Subject Matter Jurisdiction. The court's power to deal with the general subject matter involved in a case. For example, a bankruptcy court judge has no subject matter jurisdiction to hear a divorce case.
Subrogation. Substitution of one person for another, giving the substitute the same legal rights as the original party. For example, an insurance company may have a right of subrogation to sue anyone whom the person it compensated had a right to sue.
Substantive Law. The body of law that creates, defines and regulates right. Compare with procedural law which prescribes the manner to enforce rights or obtaining redress for invasion of rights.
Summary Judgment. A final decision by a judge that resolves a lawsuit in favor of one of the parties. A motion for summary judgment is made after discovery is completed but before the case goes to trial.

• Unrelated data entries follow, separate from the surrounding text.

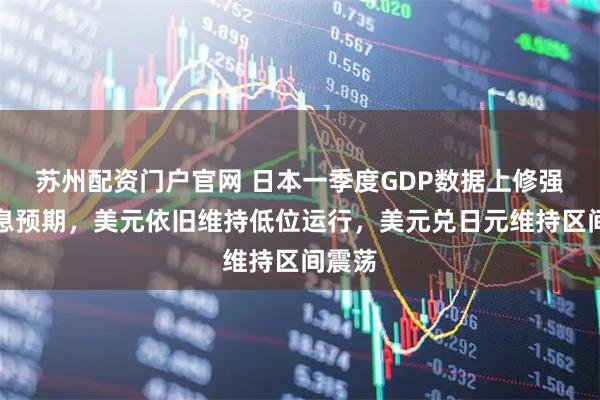 苏州配资门户官网 日本一季度GDP数据上修强化加息预期，美元依旧维持低位运行，美元兑日元维持区间震荡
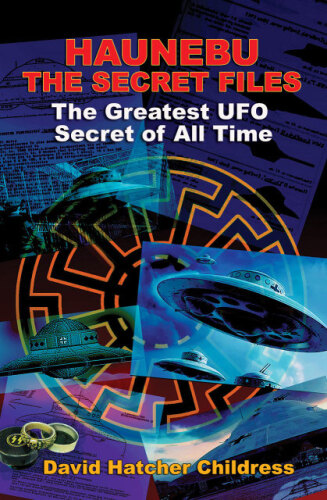 Haunebu: The Secret Files: The Greatest UFO Secret of All Time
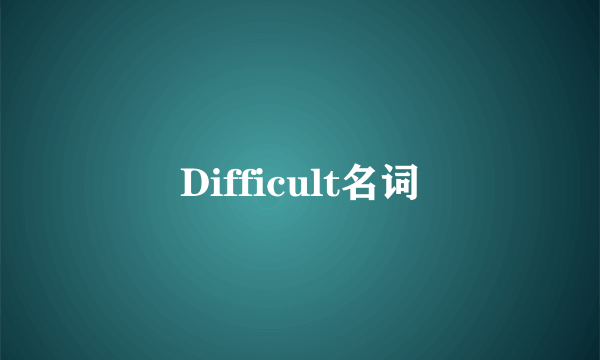 Difficult名词
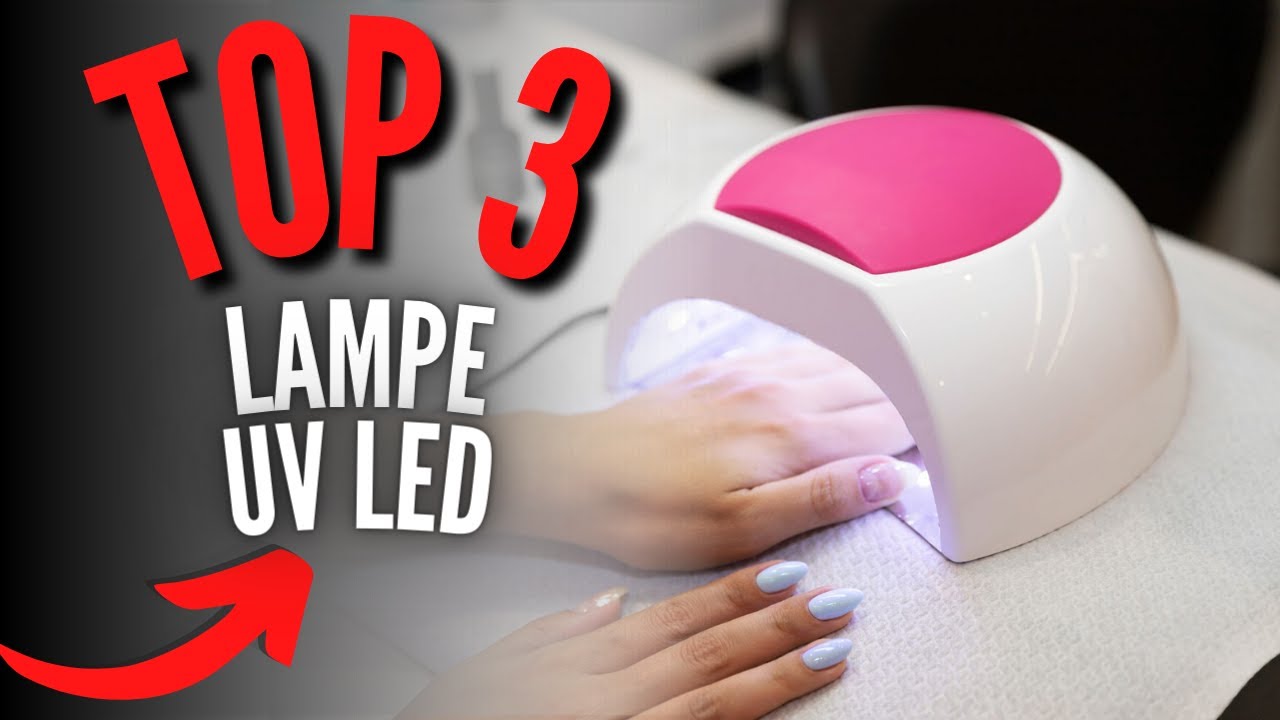 Meilleure Lampe UV LED pour Ongles 2024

Summons. Formal document beginning a civil action or special proceeding which is a means to gain jurisdiction over a party. Also, a document directed to a sheriff or other authorized person ordering him to serve the person named on the summons who must appear at a certain place and time to respond to the action.
Supplier of Goods. In products liability law, all parties in the chain of supply of a product for profit, including manufacturers, sellers, and dealers.
Supplemental Agreement. In a workers' compensation case, this is the form signed by the injured employee when there has been a change in disability status.
Survival Action. A survival action is brought by the administrator of a deceased person's estate in order to recover loss to the estate resulting from a tort. A survival action continues in the decedent's personal representative a right of action which accrued to the decedent at common law because of a tort. A survival action, unlike a wrongful death action, is not a new cause of action. Where death is caused by negligence, both a survival action and a wrongful death action may be brought.